By Wolfgang Puck, Tribune Content Agency on

Are you still trying to decide on your Fourth of July main course? Or did you decide just moments ago to upgrade it? I've got good news for you: It's not too late.

The secret is to start with the right high-quality star ingredient. If you want chicken, seek out plump boneless breasts or thighs, with or without the skin, depending on your preference, that will grill quickly and evenly. Or look for fresh fish fillets of your choice, choosing those that appear moist and firm, with the fresh, clean scent of the sea.

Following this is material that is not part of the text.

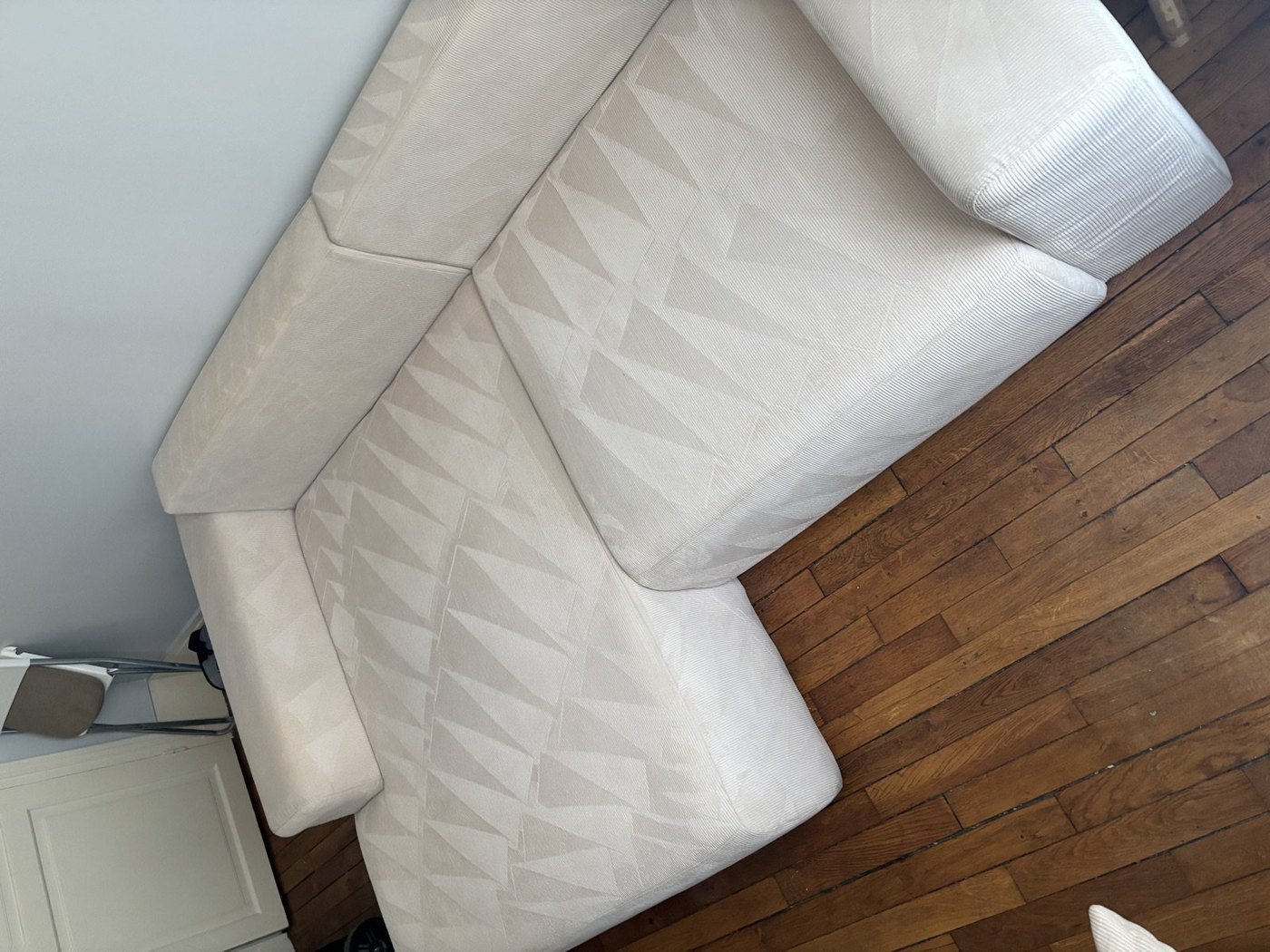 Canapé en tissu après nettoyage par Zzérotache (photo n°11)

If you're set on serving meat, quick and easy grilling starts with the right cut. Seek out high-quality, tender meat that's full of flavor and cooks quickly and easily. Pork loin chops or lamb tenderloin medallions are two examples that fit that description.

One of my favorite beef cuts is New York steak, also known as New York strip, a cut from the upper part of the short loin section combining superb tenderness with rich flavor. All you need to do is grill the steak directly over high heat turning it once, until well-seared and done to perfection -- which, to my preference is medium-rare, registering 135 F to 140 F (57 C to 60 C) on an instant-read grilling thermometer.

Of course, for any great ingredient, how you season it and the sauce or condiment you serve with it can easily elevate it from good to great. As you'll see in my recipe for grilled New York steaks with cilantro-shallot sauce, such results are surprisingly easy to achieve.

The first step is simply drizzling a little peanut oil, which has a rich flavor that complements the meat, on the uncooked steaks. (You could certainly use a good olive oil instead if you prefer). Then, I sprinkle on a generous amount of kosher salt and pepper on both sides. During grilling, the seasoning combines with the juices to form a flavorful crust to savor with each bite.


While the grill is heating, I also use that time to prepare an easy sauce for the steaks. In this recipe, that means simply sauteing shallots and garlic, cilantro, ginger and red pepper flakes, then quickly simmering the mixture with some stock or broth and bottled Chinese hoisin sauce (found in the Asian foods section of any well-stocked market), which adds richness and body.

If you like, you could serve the finished steaks whole and pass the sauce on the side. But I prefer to take the extra step of slicing each steak and serving it with the sauce so the juices mingle with it. I guarantee that your guests will be as amazed by the food on their plates as they will be by the fireworks up in the sky.